DASH Multi-Functions

This document introduces the concept of so-called multi-functions, which are functions that can not only produce multiple results but also multiple variables per result. This concept, based on previous work such as SPIN Magic Properties, can be used to greatly extend the expressiveness of SPARQL and other query languages including Active Data Shapes (ADS). We introduce an RDF vocabulary based on the SHACL standard to declare such multi-functions in a platform-neutral way.

Motivation

Most query languages for RDF graph data support a notion of functions to calculate values from arguments. For example, SPARQL has a library of built-in functions plus an extension point for specific SPARQL engines to support additional functions. The SHACL Advanced Features specifies an RDF vocabulary for declaring such SPARQL functions dynamically, using classes such as sh:SPARQLFunction.

However, such functions are limited to returning just a single RDF node as its result. Many use cases require more than a single result value, for example, splitting a string into multiple sub-strings. To support such use cases, some SPARQL implementations have come up with their own "native" syntaxes and custom extensions. As one of the earliest popular examples of such a syntax, the Apache Jena API supports the concept of property functions also known as magic properties (including a property function apf:strSplit). Other SPARQL implementations offer similar capabilities through work-arounds such as the SERVICE keyword where certain property patterns have dedicated special meanings.

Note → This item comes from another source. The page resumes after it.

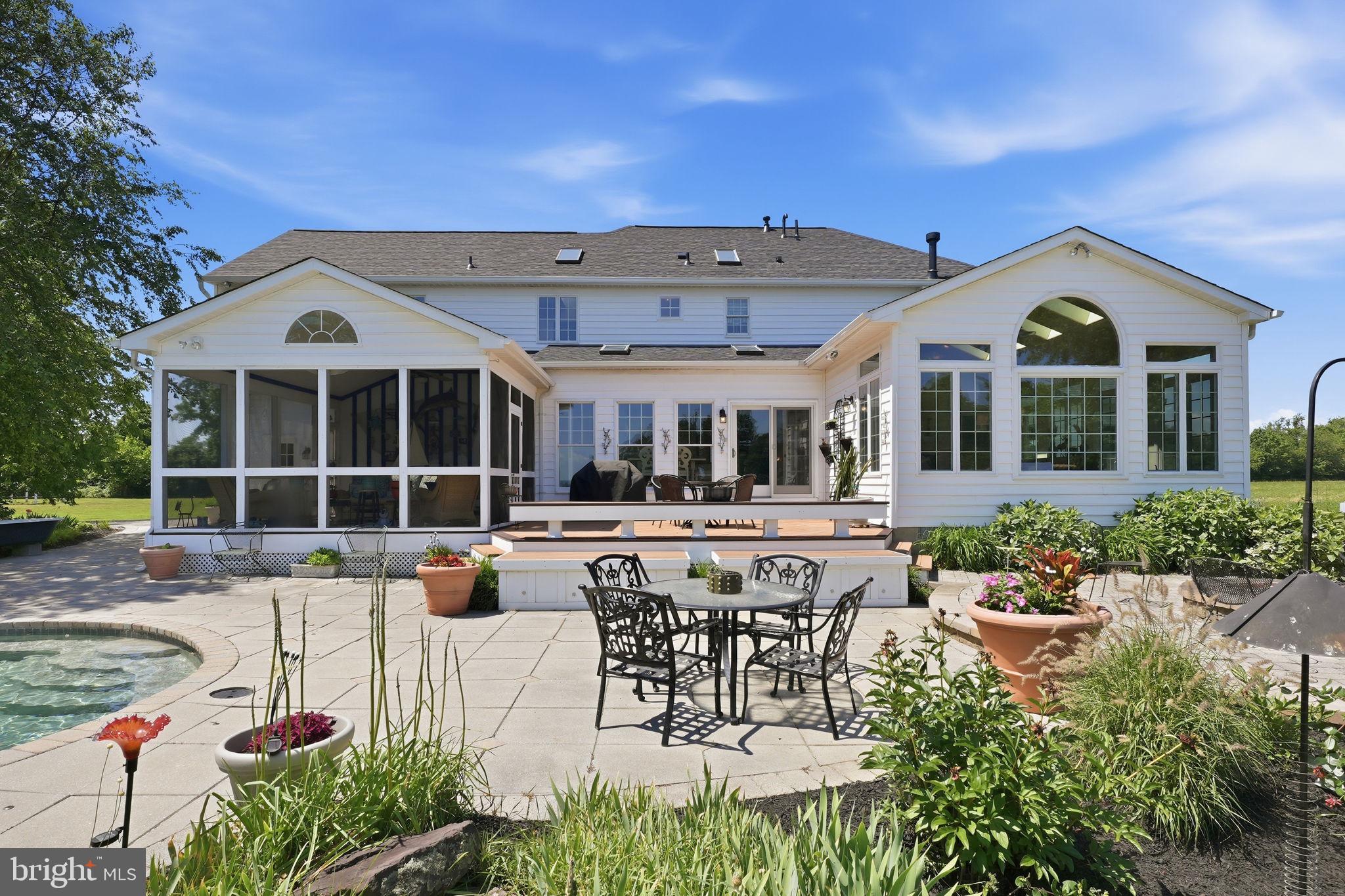 1810 Love Point Road Stevensville, MD 21666 - Photo 49 of 85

While the SPARQL 1.1 standard does not have official support for such multi-valued functions, there are proposals for adding this for a future SPARQL version. As an earlier attempt to resolve this, SPIN (one of the predecessors of SHACL) had introduced a vocabulary to represent SPIN Magic Properties, allowing users to declare multi-valued functions for use in SPARQL engines that support SPIN.

This document introduces a modernized version of this idea, using SHACL instead of SPIN as its foundation. The basic idea is that ontologies/shape graphs may declare multi-functions in RDF, so that SPARQL engines and other query processors or API generators can pick them up dynamically. The resulting multi-functions may implement convenience features that greatly extend the expressiveness and support better reuse of recurring query logic.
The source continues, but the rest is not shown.